2. The appliance of claim 1, wherein said program code further comprises an error utility module for displaying a textual dialog on a display in response to an error incurred while acquiring said image data.

3. The appliance of claim 1, wherein said second code segment further includes terminating the acquiring of said plurality of image data portions when said error condition is identified.

4. The appliance of claim 3, wherein said error condition corresponds to said appliance unable to navigate across a medium associated with said captured image.

5. The appliance of claim 3, wherein said second code segment further includes displaying of said plurality of image data portions when said error condition is identified.

6. The appliance of claim 3, wherein said error condition corresponds to a user moving said appliance out of contact from said scanned image.

7. The appliance of claim 3, wherein said error condition corresponds to moving said appliance across said captured image at a speed greater than a predefined scan speed.

8. The appliance of claim 3, wherein said error condition corresponds to said captured image exceeding a maximum capture size.

9. The appliance of claim 3, wherein said error condition corresponds to said memory becoming fully utilized.

10. A method of capturing an image using a hand-held image capture and communication appliance having a display for exhibiting the image, comprising the steps of:capturing a first image data portion corresponding to a first portion of said image with the communication appliance; capturing a second image data portion corresponding to a second portion of said image with the communication appliance; discarding redundant image data associated with said first image data portion and said second image data portion acquired through said capturing steps; combining said first and second image data portions such that said plurality of image data portions are reconstructed into a single image data corresponding to said first and second image data portions; determining a scanning error condition such that said step of combining fails so that said single image data corresponding to said single image data cannot be reconstructed; and terminating the acquiring of said plurality of image data portions in response to the step of determining said scanning error condition.

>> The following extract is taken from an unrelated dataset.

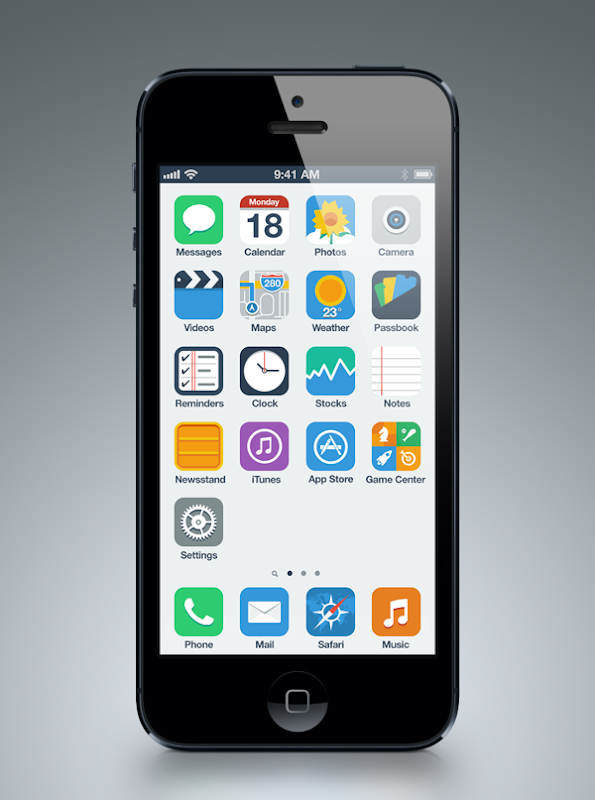 Diseños de lo que podría ser la interfaz del nuevo iOS 7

11. The method of claim 10, further comprising the step of:displaying a textual dialog on a display in response to an error incurred during said capturing steps.

12. The method of claim 10, wherein said step of determining the scanning error condition further comprises determining when said appliance is unable to navigate across a medium associated with said image.

13. The method of claim 10, wherein said step of determining the scanning error condition further comprises determining when said communication appliance is moved out of contact from a medium associated with said image.

14. The method of claim 10, wherein said step of determining the scanning error condition further comprises determining when said communication appliance is moved over a medium associated with said image exceeding a predefined scan speed.

15. The method of claim 10, wherein said step of determining the scanning error condition further comprises determining when said communication appliance is moved over an image exceeding a maximum image capture size.

16. The method of claim 10, wherein said step of determining the scanning error condition further comprises determining when a memory residing in said communication appliance becomes fully utilized.